Jamie and I became more and more emotional and anxious as the appointment approached. Each time a friend or family member told us they’d be thinking of us and Miles my heart would swell a bit. Knowing that others were supporting us and rooting for our little Miles made me feel very lucky.
We decided to attend church the other weekend because we’re having Miles baptised there soon and since we’ve been to church all of one time since Christmas we thought it would be a good idea to get reacquainted with the place. Normally (when I say normally I mean the handful of times we’ve gone to church) I sit quietly in the back with Jamie after dropping Elly off in the nursery, listening, singing and trying to relate what the pastor is saying to bettering myself somehow. Each Sunday the pastor invites people to share good news and to share prayer requests. Jamie surprised me by standing up and telling everyone a bit about what we were going through with Miles, who was resting his head on my shoulder sound asleep, and that we were heading to Duke to find out more about his condition the next day. I whispered to Jamie that we needed to get out of there right after the service because I knew I wouldn’t be able to hold it together if people were coming up to us offering their support. Well, we didn’t have a chance to escape the kindness, it was like a warm knit blanket coming towards us and there was no way we weren’t going to get wrapped up in it. These people don’t even know us, yet they were taking the time to talk to us, hug us, love on Miles, and pray for our family. Wow.
Here’s Miles wrapped up in the prayer shawl that was hand knit by a member of the church and given to us on Sunday. We used it as his blanket on his appointment day.
At Duke we were given the news that Miles has benign external hydrocephalus which typically resolves on its own by the time a child is 2 or 3. We saw his brain scan and the doctor showed us where Miles has excess fluid. He has treated thousands with the same condition and said he was 99.9 percent sure that Miles will be perfectly fine without needing any treatment. By the way, I think that doctor is the smartest person I’ve ever talked to, I mean, he operates on tiny brains AND answered all the questions on my list before I could even ask them. We will be taking Miles to our pediatrician each month to get that noggin measured and to continue watching his development to make sure he’s on track, but all is expected to be fine!! We are over the moon!

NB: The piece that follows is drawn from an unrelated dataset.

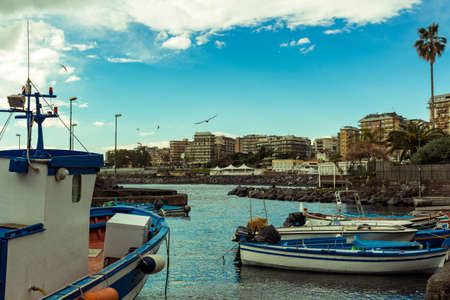 Several small colorful boats are anchored in the harbor of Catania, SIcily-Italy on the coast of the Mediterranean Sea.のeditorial素材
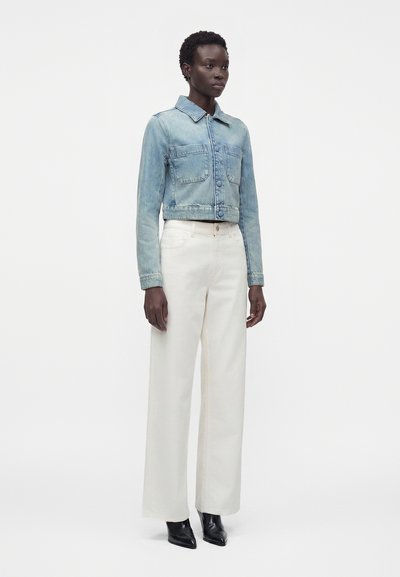 Γυναίκα όρθια, φοράει ένα ανοιχτό μπλε cropped denim μπουφάν, λευκό ψηλόμεσο παντελόνι με φαρδιά πόδια και μαύρες μυτερές μπότες.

We received good news, but I can’t help but think about all those other kids and parents we saw who were also at Duke waiting to see the pediatric neurologist. I’m sure many miraculous things happen at that children’s hospital but it’s still a sad place to be.
At dinner that night I said I wished we had been able to get the appointment at Duke sooner so we weren’t spending the past month wondering what we were dealing with but then I thought about all that we’ve learned during that time. I learned to try hard to live in the moment and not waste my days worrying about what might be. I learned that Google is not my friend. I learned to be so thankful and appreciative each day that my kids are healthy and happy. I have a lot to be grateful for.